### Try it:
Within the records that follow, restate exactly the lines from the line with "6 teens arrested" down to the line with "Whole Dry Cola", including both. Omit the pictures.

### Source information:
* * * * * * * * *
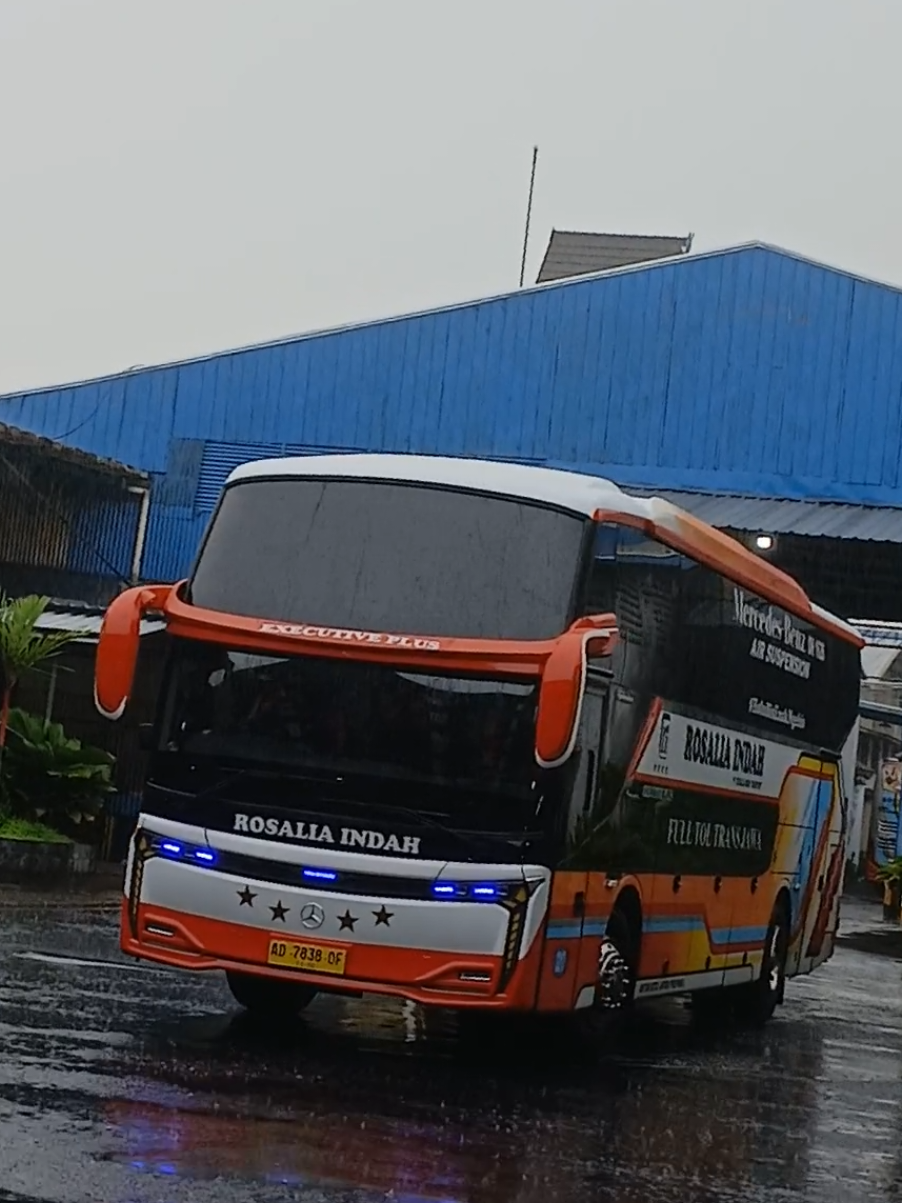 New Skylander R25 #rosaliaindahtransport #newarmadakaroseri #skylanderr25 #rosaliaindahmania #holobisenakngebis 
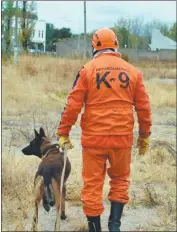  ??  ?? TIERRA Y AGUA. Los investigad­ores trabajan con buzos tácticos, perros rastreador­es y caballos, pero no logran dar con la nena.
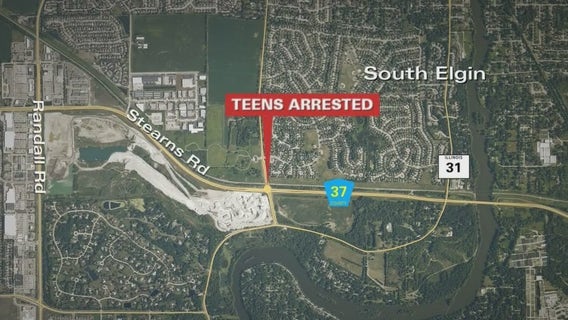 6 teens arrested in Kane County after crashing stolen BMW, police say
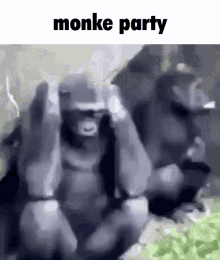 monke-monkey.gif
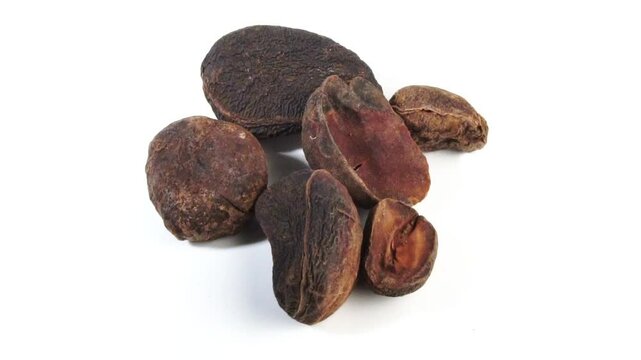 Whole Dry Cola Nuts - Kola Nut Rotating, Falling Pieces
* * * * * * * * *
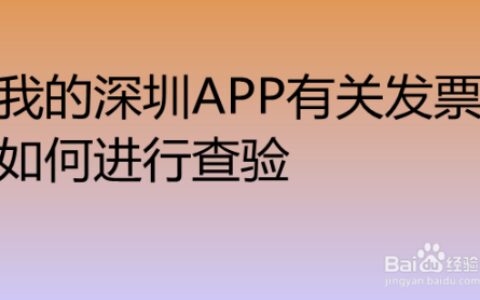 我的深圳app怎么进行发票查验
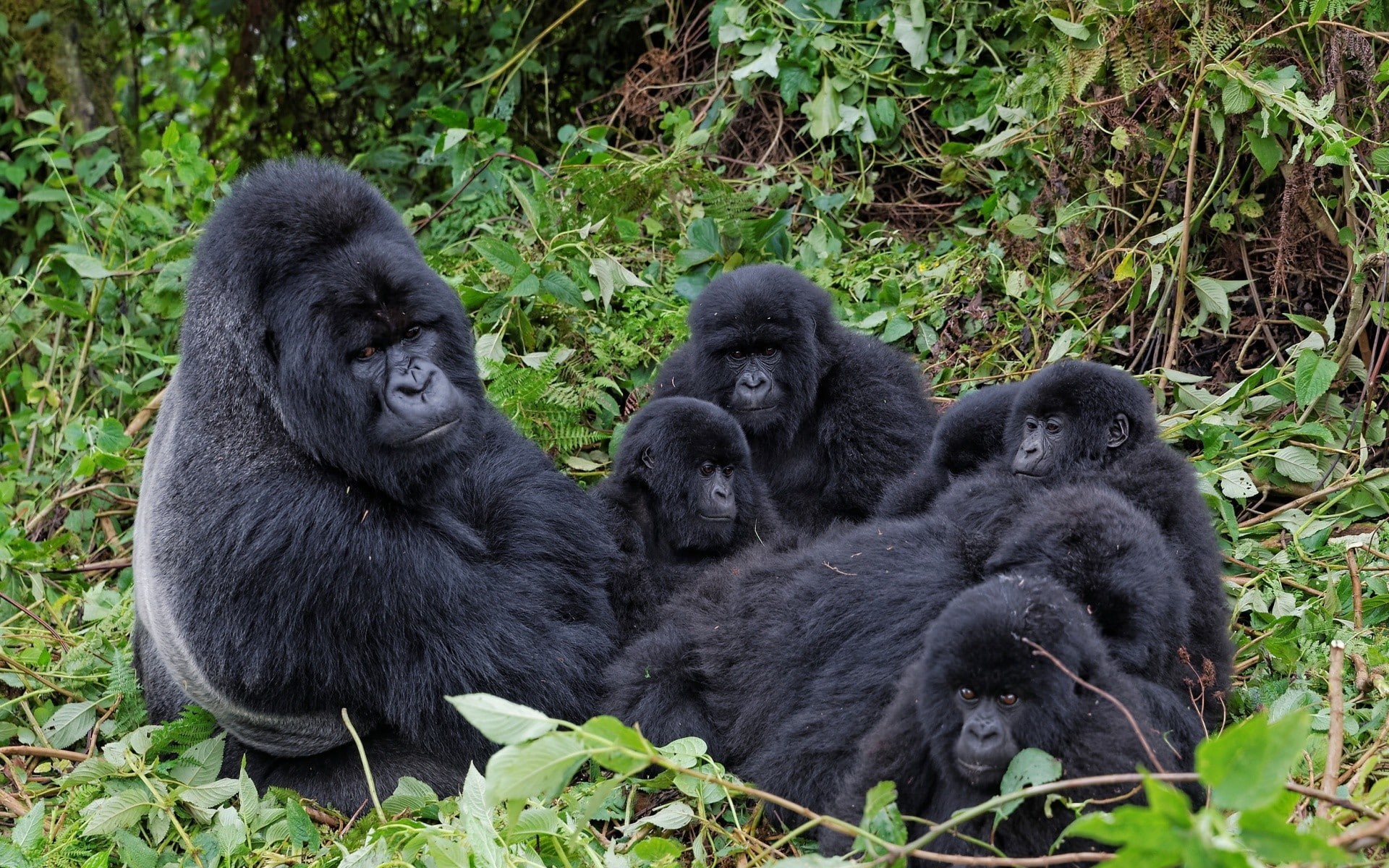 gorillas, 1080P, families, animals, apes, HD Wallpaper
* * * * * * * * *
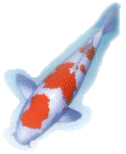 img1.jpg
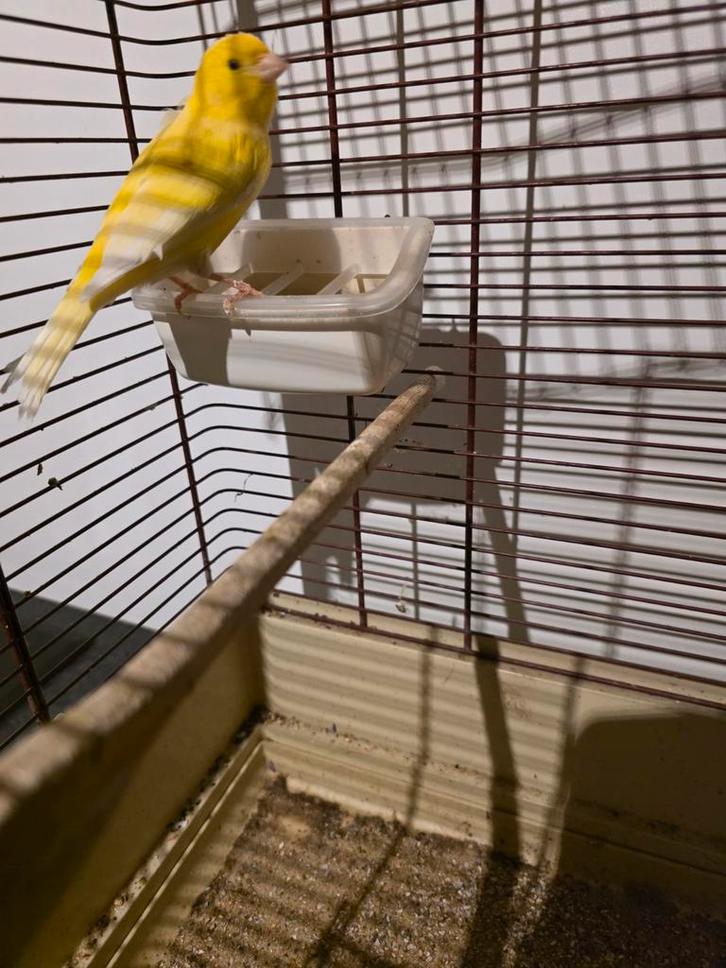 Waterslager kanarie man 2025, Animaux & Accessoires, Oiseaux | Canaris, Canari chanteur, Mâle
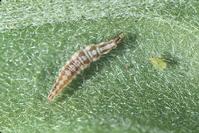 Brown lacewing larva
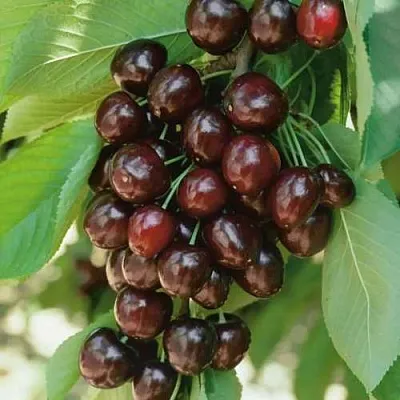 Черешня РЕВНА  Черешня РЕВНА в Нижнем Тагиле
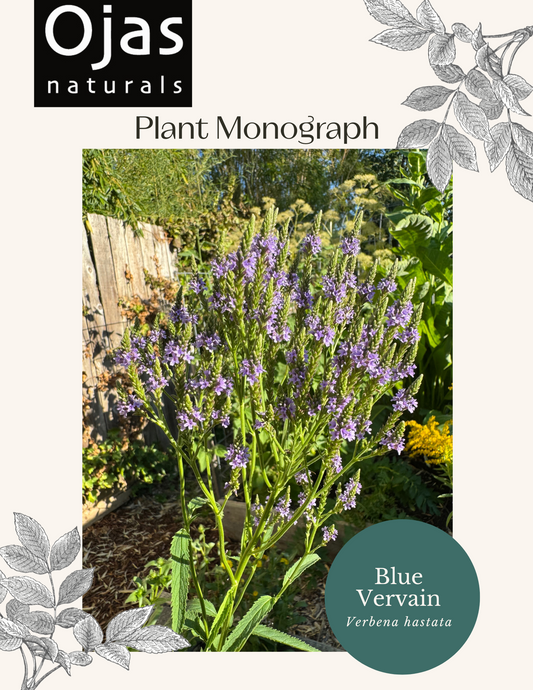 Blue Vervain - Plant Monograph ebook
* * * * * * * * *
### Solution to the problem:
 6 teens arrested in Kane County after crashing stolen BMW, police say
 monke-monkey.gif
 Whole Dry Cola Nuts - Kola Nut Rotating, Falling Pieces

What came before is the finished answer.